For one, I found that I probably had at least a dozen fellow passengers in that particular canoe. In Chula Vista, 10-15 cars are stolen every day.

For another, I learned that my car is among the most-stolen models. I drive a Saturn. A 1995 Saturn, the absolute acme of a nondescript car. "Who would steal a SATURN?" I wondered aloud.

Well, The same community volunteer told me that there are a lot of Saturn "pass keys" floating around, making Saturns especially easy to steal. The only cars stolen more often than Saturns are Hondas and Toyotas. (I think the Toyota Celica is the most-stolen car in America.)

I suspected my car might be headed for a chop shop in Tijuana; Mexico is after all only about eight miles south of here. But no, the community volunteer (her name was "Valerie," same as my wife's) said it's usually old pickup trucks that end up in Mexico. Saturns and such are quite often stolen merely for joyriding. Sometimes the stereo gets ripped out, but sometimes there isn't even that much damage.

In fact, she said the police department has a 50 percent recovery rate for such cars. On that happy note, Valerie gave us a lift home.

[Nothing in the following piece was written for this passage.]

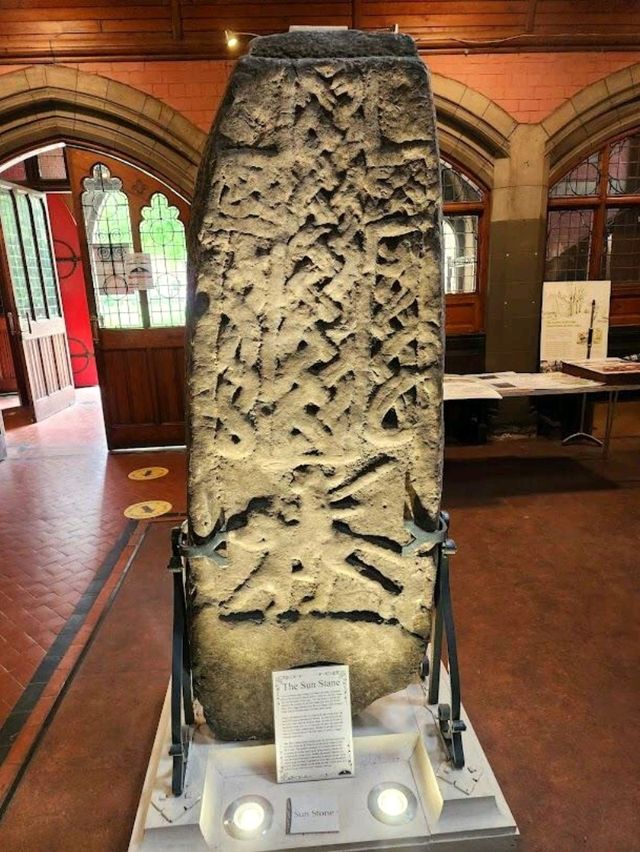 Govan Old Parish Church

Here's what had happened: my wife Valerie and I went to have lunch with my old friend Charlie, whom I've known since high school. We went to Ernie's Diner, my favorite Chula Vista hangout. (The waitresses all know me there, and there's an outside patio where you can sit when the weather is nice, which it usually is here.) Parking around Ernie's is dicey on Thursdays, as they have a Farmer's Market and the streets are closed. But we were there on Friday, with no restrictions on two-hour parking. I parked the car in front of the First Southern Baptist Church, just down at the end of the block.

We lingered over our late lunch for one hour, coming out of the restaurant about 3:15. The sun was shining. It was as broad daylight as daylight can be.

And my car, parked in front of a church no less, had vanished. At first I thought it might have been towed away. But why? I was parked in a two-hour zone and had only been there one hour. A quick call to the police department cleared that away; they had no record of my car's having been towed. That left only thing: it had been stolen.

I always thought that I would feel more personally violated by the theft of a car. Victims of theft and robbery often come away with a feeling of having been somehow raped, or at least with an uncomfortable feeling that this was a personal act directed at their personal self, as opposed to all of the anonymous criminal acts directed at other people which we read about in the papers every day. For the record, I did feel personally violated by the vandalism of another car, many years ago. But I had good reason that time. That time, it was personal. I was working in a convenience store, and had pissed off some local teenage pukes by refusing to sell them beer. When I locked up one night to go home and found one of my car's windows smashed, I knew who had done it and why.

But my reaction this time surprised me, and my wife told me later that it also surprised her. I sometimes have a short fuse, and she said she would have expected me to cut loose like a crazed orangutang at having my wheels stolen.

No. I called the police, then called for a cab. I did get a little impatient when it took the police 25 minutes to get there, but I'm just an impatient kind of guy. My wife has her own car, so I knew we wouldn't be completely stranded. And after all is said and done, I guess one just doesn't especially develop an emotional relationship with a 1995 Saturn. Had my car been a cobalt-blue 2006 BMW with leather upholstery, walnut steering wheel, GPS positioning system and a $5,000 Bose music system with XM Radio, I might have felt differently. But for a ten year-old Saturn with manual windows, doughnut spare tire and an old factory-issue cassette tape player, whose weather stripping is coming loose, by the way, you don't have a seizure. I called the insurance company when we got home and just sat back to wait.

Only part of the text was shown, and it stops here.